The Institute of Snow Research's involvement in mobility studies is from
the side of the terrain. Terrain characterization is not limited to snow, soil
scenarios are also studied, but snow is the focus of most studies. In
general, vehicle mobility can be broken into 2 major categories from the
terrain side. These are
- Adjust vehicle parameters to fit current
- Adjust terrain conditions to fit a certain vehicle.
ISR has undertaken numerous projects that cover both categories. A good
example of this is the involvement in a reconnaissance traverse across
parts of Antarctica on a USACRREL
and NSF funded project. Russ Alger
was a part of the team chosen to characterize several legs of a proposed
tractor train route from McMurdo to the South Pole to support
reconstruction of the South Pole Station. The scope of this study was to
find a route that could be maneuvered with a chosen set of vehicles. This
was done by characterizing the snow and terrain along the route and
determining if the vehicles could navigate the chosen area.
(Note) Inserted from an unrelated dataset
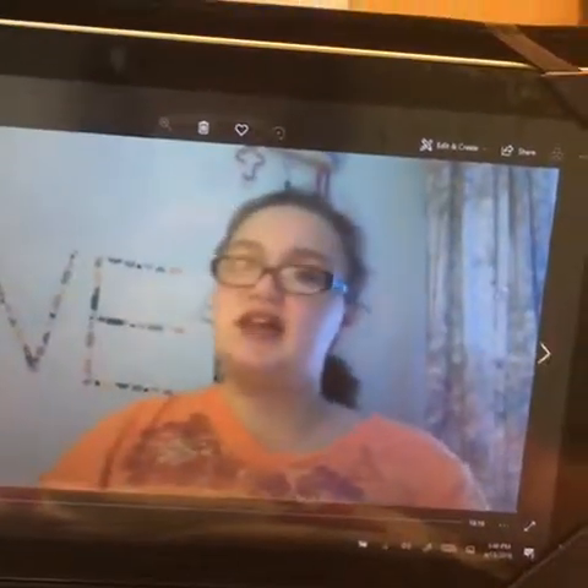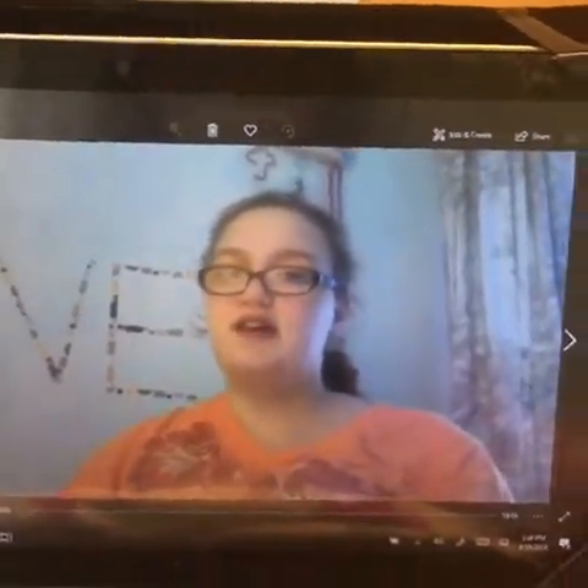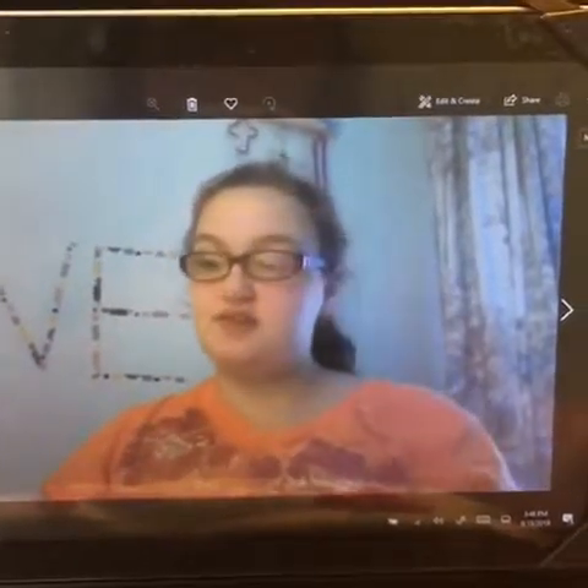Hi guys, welcome back to my channel. Today I am going to be doing the No Bull No Spoon Challenge. I was inspired by Jess Jordan 33 when she did this. I watched her video and I thought it was a good challenge to try.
If there was a
problem with snow strength in an area, a method to manipulate the
properties of the surface was recommended.
The KRC Snow Paver is another example of how ISR scientists have
developed methods to manipulate the snow to fit a given set of vehicles.
The main use of the snow paver is for snowmobile trail grooming. In this
case, the vehicles, snowmobiles, are a constant. The snow paver is
designed to change the snow, make it more durable, to fit these vehicles.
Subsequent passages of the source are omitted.